To do:
Search the records below for the word "Brown". Pull out each line that has it.

Dataset records:
*** Begin section ***

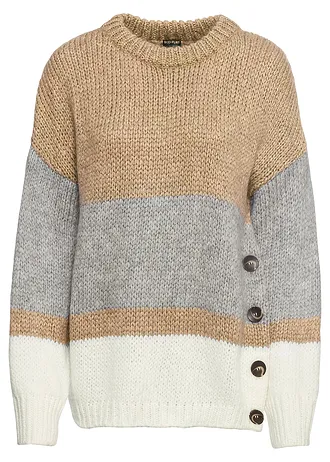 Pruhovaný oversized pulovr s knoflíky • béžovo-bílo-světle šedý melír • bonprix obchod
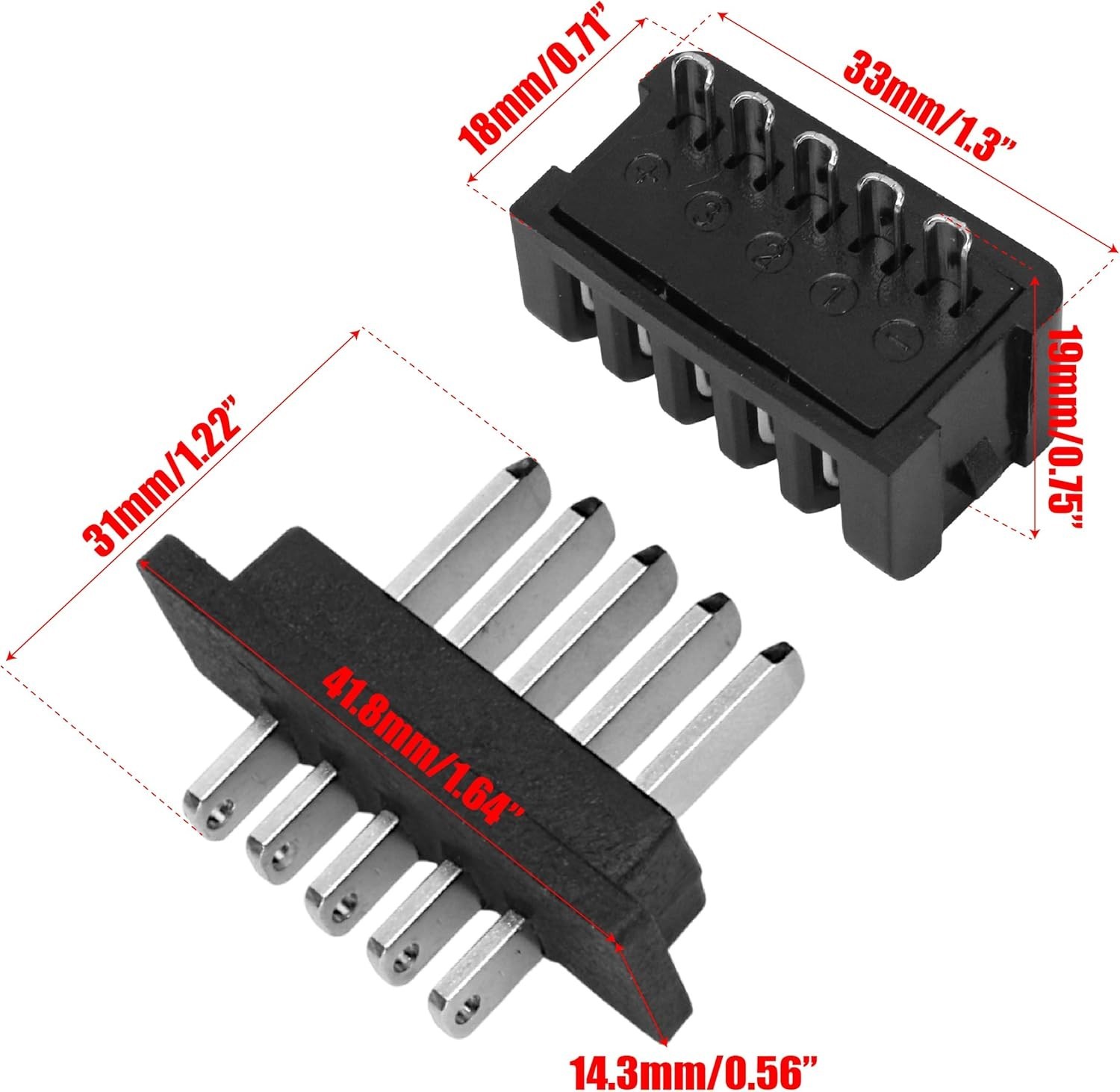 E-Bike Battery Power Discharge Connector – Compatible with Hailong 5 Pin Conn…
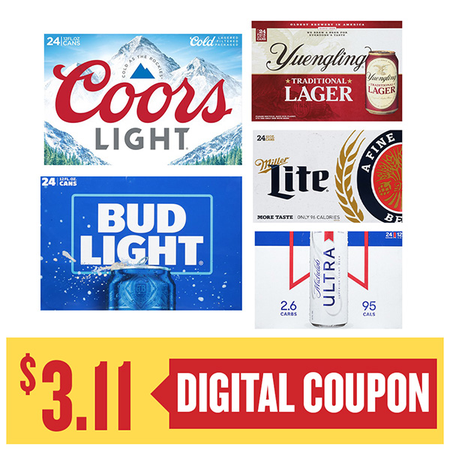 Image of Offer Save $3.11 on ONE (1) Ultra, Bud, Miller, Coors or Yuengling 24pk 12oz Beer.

*** End section ***
*** Begin section ***

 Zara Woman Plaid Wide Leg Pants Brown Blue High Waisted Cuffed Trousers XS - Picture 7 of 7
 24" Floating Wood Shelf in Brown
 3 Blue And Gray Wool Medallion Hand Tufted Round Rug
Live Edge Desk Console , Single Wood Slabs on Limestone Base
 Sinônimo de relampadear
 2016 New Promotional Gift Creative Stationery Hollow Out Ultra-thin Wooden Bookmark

*** End section ***

Task result:
 Zara Woman Plaid Wide Leg Pants Brown Blue High Waisted Cuffed Trousers XS - Picture 7 of 7
 24" Floating Wood Shelf in Brown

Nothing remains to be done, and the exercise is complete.